Escape from Camp 14 by Blaine Harden – Reviewed by Guy Portman
Escape from Camp 14 is the life story of Shin Dong-Hyuk, the only known person born in a North Korean gulag to have escaped. Shin started life in a fenced encampment less than fifty miles north of the capital Pyongyang, so vast that it can be viewed from space. This complex is the notorious Camp 14, an insular world of merciless inhumanity, so removed from life on the outside that Shin was unaware that the capital city Pyongyang existed or of the cult of the Kim family, which dominates North Korean society. The book gives us a unique insight into North Korean gulags, from the draconian laws, summary executions and the relentless privations of its inmates.
Shin recollects on the events that shaped his life, starting from a public execution, his first memory, to later imprisonment in an underground prison, torture, unremitting hunger and his relationship with two individuals, which allow him for the first time to imagine life outside the fence.
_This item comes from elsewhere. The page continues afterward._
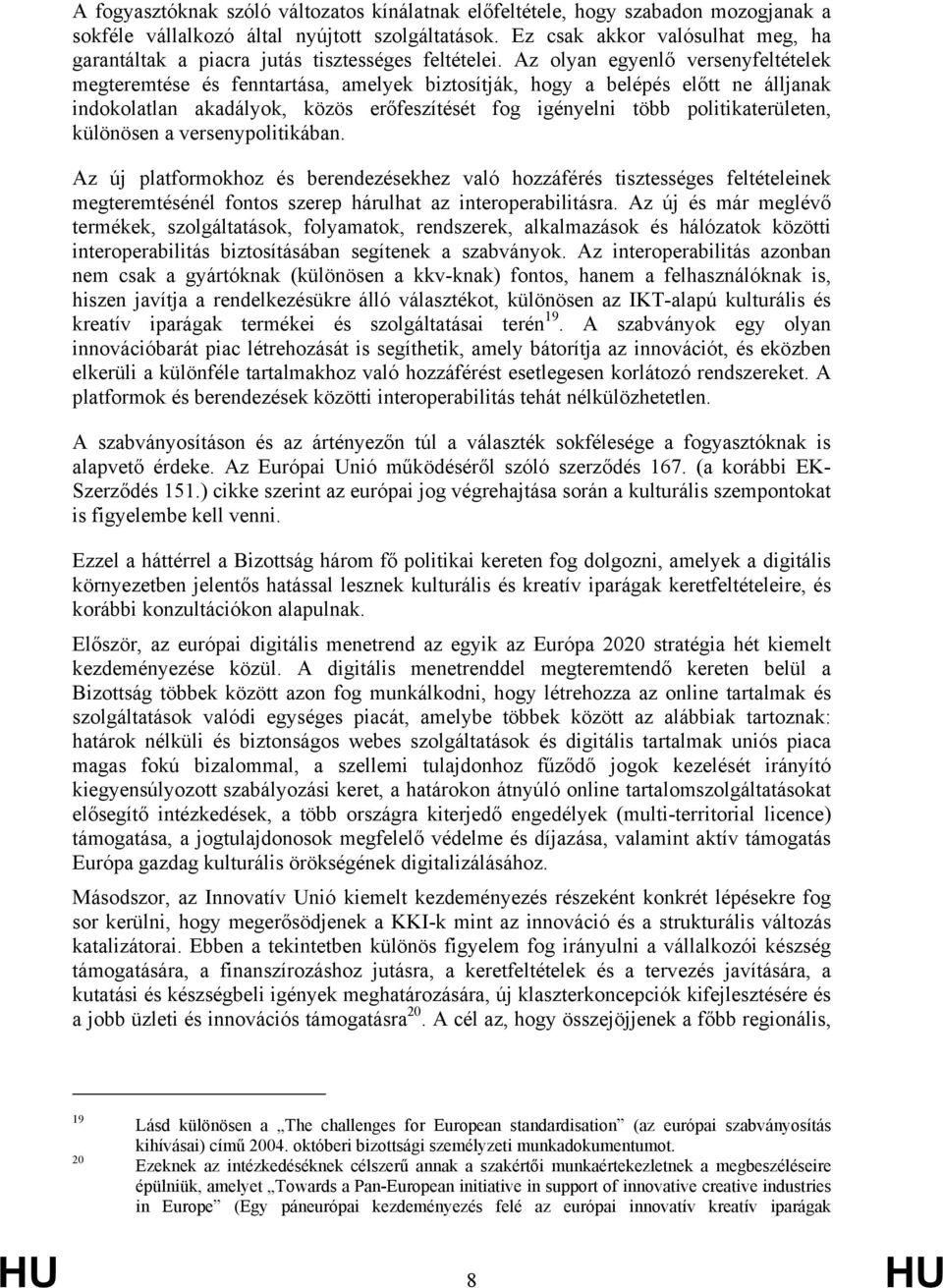 Az olyan egyenlő versenyfeltételek megteremtése és fenntartása, amelyek biztosítják, hogy a belépés előtt ne álljanak indokolatlan akadályok, közös erőfeszítését fog igényelni több politikaterületen,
Ultimately it is his interactions with these two people that lead him to escape through the electrified fence and into the unknown.
The second half of the book charts Shin’s journey through North Korea, escape across the Taedong River to China and a chance encounter that will bring him to Seoul and later America, where he attempts to adapt to a new life, far removed from the constraints of the camp yet littered with obstacles and marred with guilt.
Blaine Harden successfully portrays this personal narrative within the context of the Gulag system and North Korean society at large, allowing the reader to gain an understanding of this rogue and insular Stalinist state, struggling to survive in a rapidly changing world.